Even as people in advanced economies are using less paper money, there is more cash in circulation—a record $1.4 trillion in U.S. dollars alone, or $4,200 for every American, mostly in $100 bills. And the United States is hardly exceptional. So what is all that cash being used for? The answer is simple: a large part is feeding tax evasion, corruption, terrorism, the drug trade, human trafficking, and the rest of a massive global underground economy.
As Rogoff shows, paper money can also cripple monetary policy. In the aftermath of the recent financial crisis, central banks have been unable to stimulate growth and inflation by cutting interest rates significantly below zero for fear that it would drive investors to abandon treasury bills and stockpile cash. This constraint has paralyzed monetary policy in virtually every advanced economy, and is likely to be a recurring problem in the future.
The Curse of Cash offers a plan for phasing out most paper money—while leaving small-denomination bills and coins in circulation indefinitely—and addresses the issues the transition will pose, ranging from fears about privacy and price stability to the need to provide subsidized debit cards for the poor.
While phasing out the bulk of paper money will hardly solve the world’s problems, it would be a significant step toward addressing a surprising number of very big ones. Provocative, engaging, and backed by compelling original arguments and evidence, The Curse of Cash is certain to spark widespread debate.

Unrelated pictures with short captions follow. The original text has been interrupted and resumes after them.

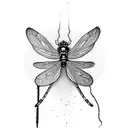 damselfly tattoo design idea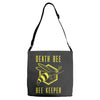 death bee bee keeper Adjustable Strap Totes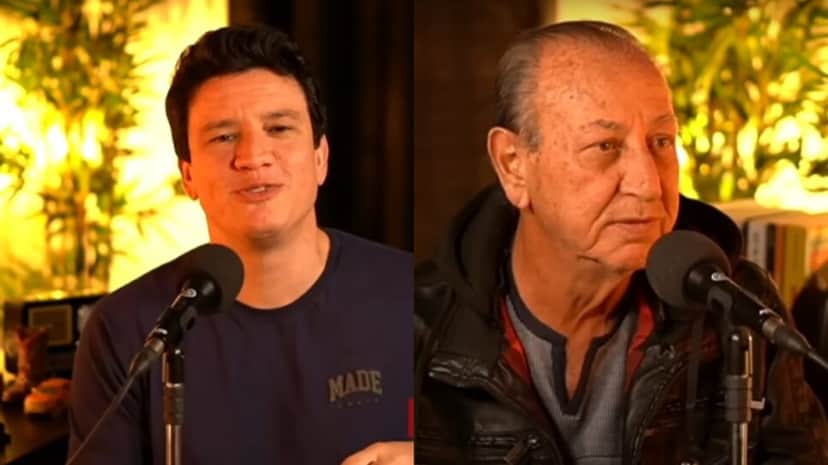 André Piunti recebeu César Augusto em seu canal (Fotos: Reprodução/ YouTube/ Montagem TV Foco) André Piunti recebeu César Augusto em seu canal (Fotos: Reprodução/ YouTube/ Montagem TV Foco)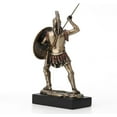 thumbnail image 5 of Veronese Design Spartan Warrior Miniature Figurine Hand Painted Resin Statue 4 7/8 In, 5 of 7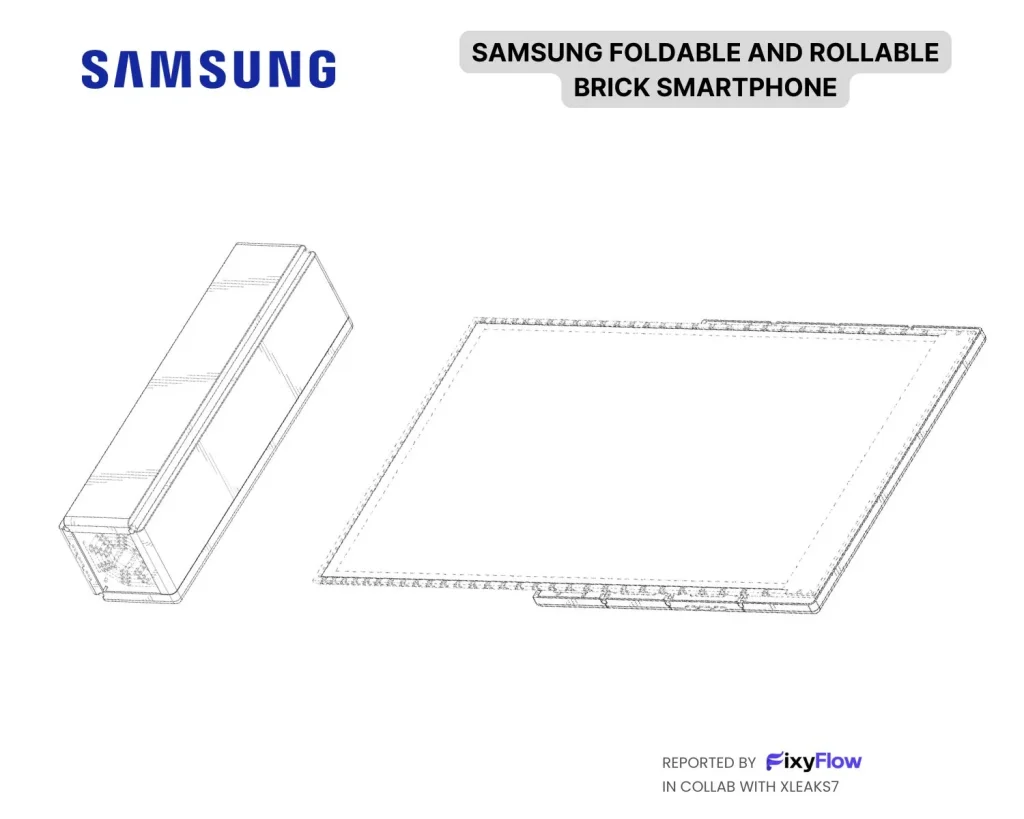 Samsung pracuje nad smartfonem-cegłą. Nietypowy składak pokazuje, jak mogą wyglądać telefony przyszłości 12 Samsung pracuje nad smartfonem-cegłą. Nietypowy składak pokazuje, jak mogą wyglądać telefony przyszłości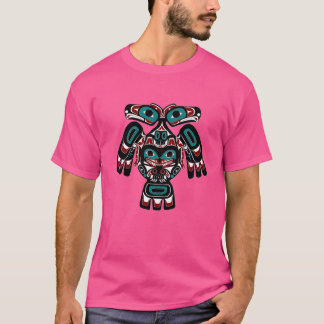 Alaska Native American Indian Tlingit Eagle Bear C T-Shirt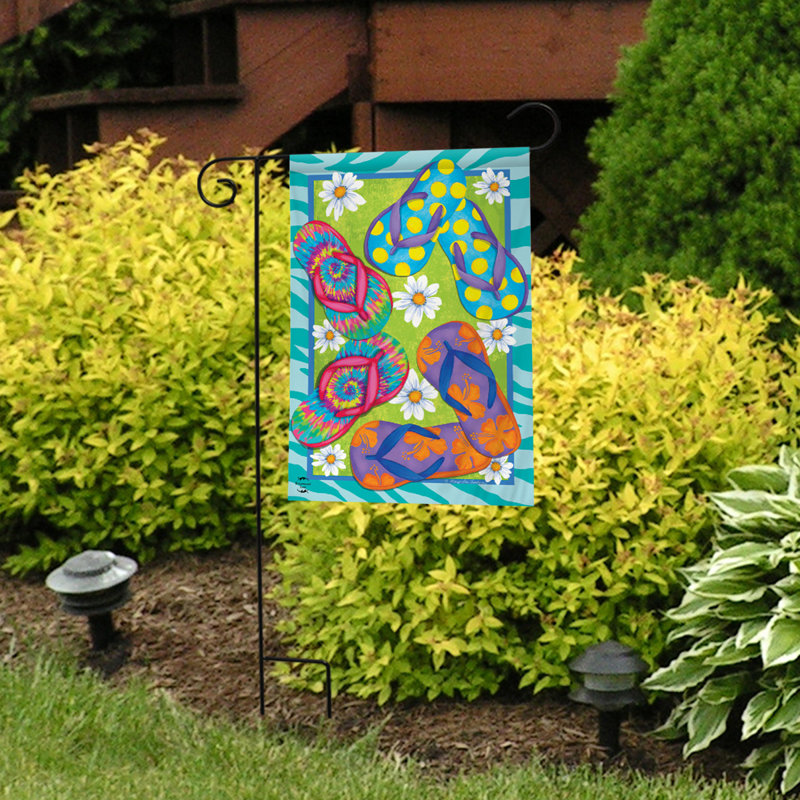Fun Flip Flops Summer Garden Flag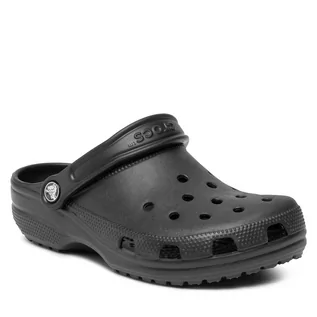 Klapki i japonki damskie - Crocs Klapki Classic 10001 Black - grafika 1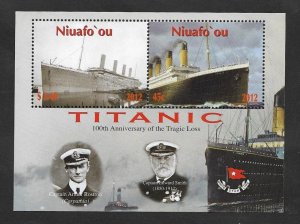 SE)2012 TONGA, CENTENARY OF THE TRAGIC LOSS OF THE TITANIC, SHIP, CAPTAINS, SS,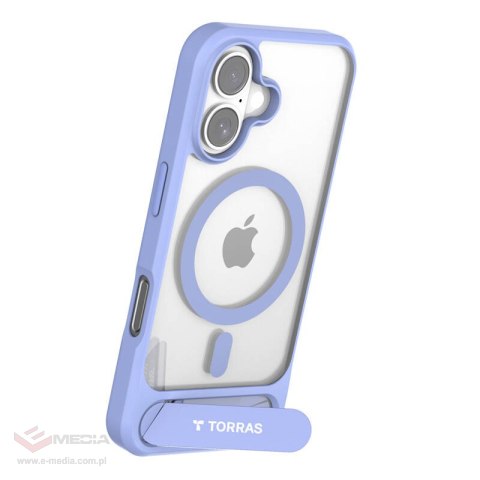 Etui TORRAS Pstand Series iPhone 16 (niebieskie)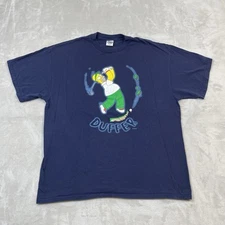 VTG The Simpsons Homer Duffer Beer Alcohol Golf Tshirt Mens XL 2000's Y2K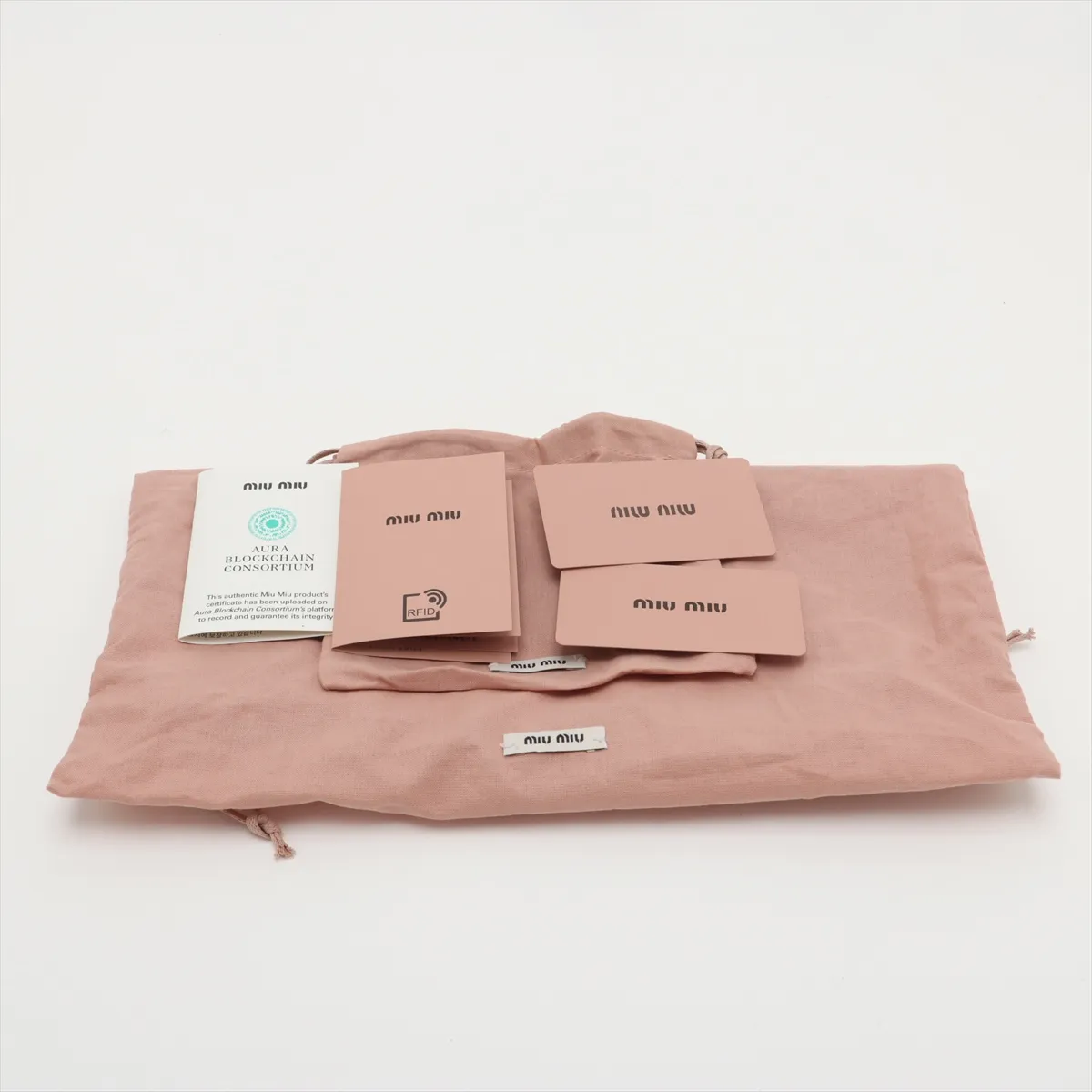 Matelasse Leather Shoulder Bag Pink 5NE026 — view 9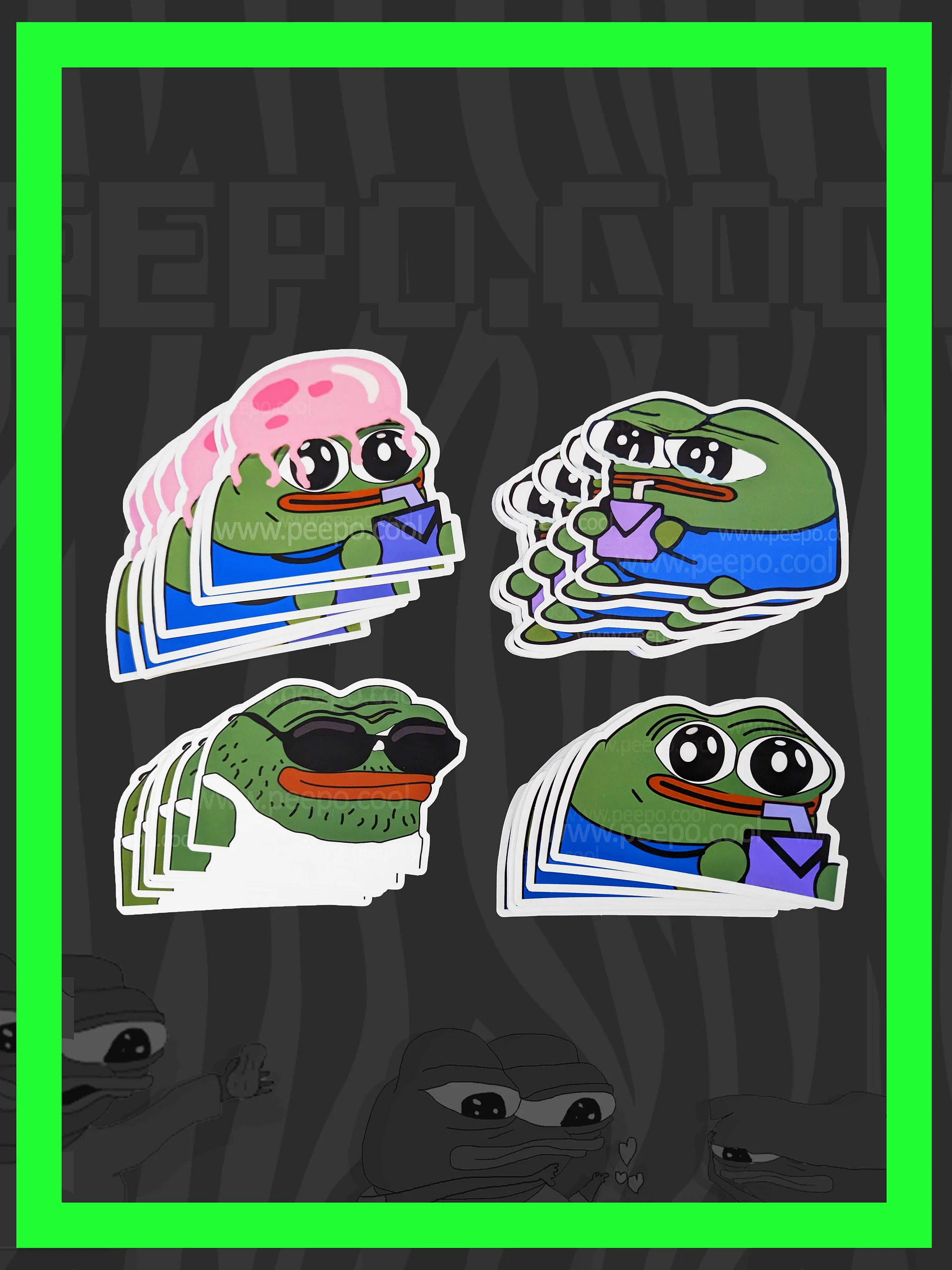 "SIPPER" PEPE STICKERS PACK product image (3)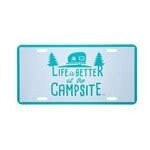 LIBATC, Teal Logo License Plate (53251)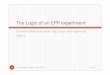 The Logic of an EPP experiment - Istituto Nazionale di 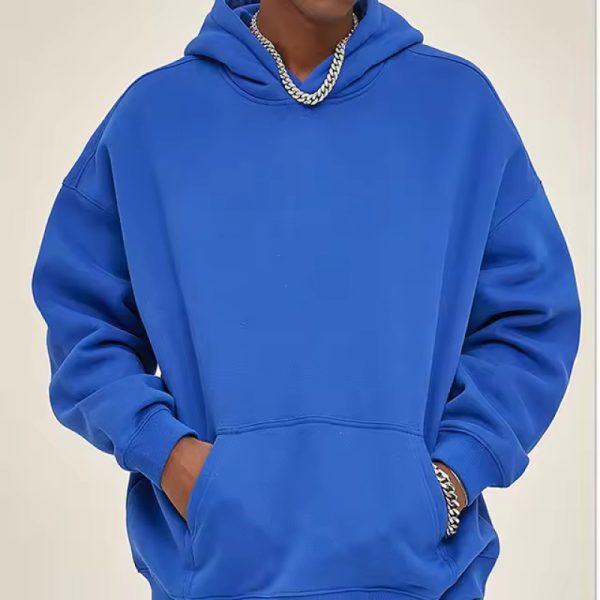 Custom Men's 350GSM Hoodies manufacturer | Embroidery Heavyweight hoodie manufacturer - 图片 3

Kenneth S. Rogoff, the Thomas D. Cabot Professor of Public Policy at Harvard University and former chief economist of the International Monetary Fund, is the coauthor of the New York Times bestseller This Time Is Different: Eight Centuries of Financial Folly (Princeton). He appears frequently in the national media and writes a monthly newspaper column that is syndicated in more than fifty countries. He lives in Cambridge, Massachusetts.
Don't miss the above article in the Wall Street Journal, August 27 7 2016: The Sinister Side of Cash, by Kenneth S. Rogoff. It is apparently free on the Internet and not hidden behind a paywall.
Currently there are close to 5000 articles on "Curse of Cash" in the international press. A few of them contain visceral criticism, as do some of the feedback items posted below. Ken Rogoff is posting a blog about once a week on the Princeton Univeristy Press Website addressing some of them. Here's the first.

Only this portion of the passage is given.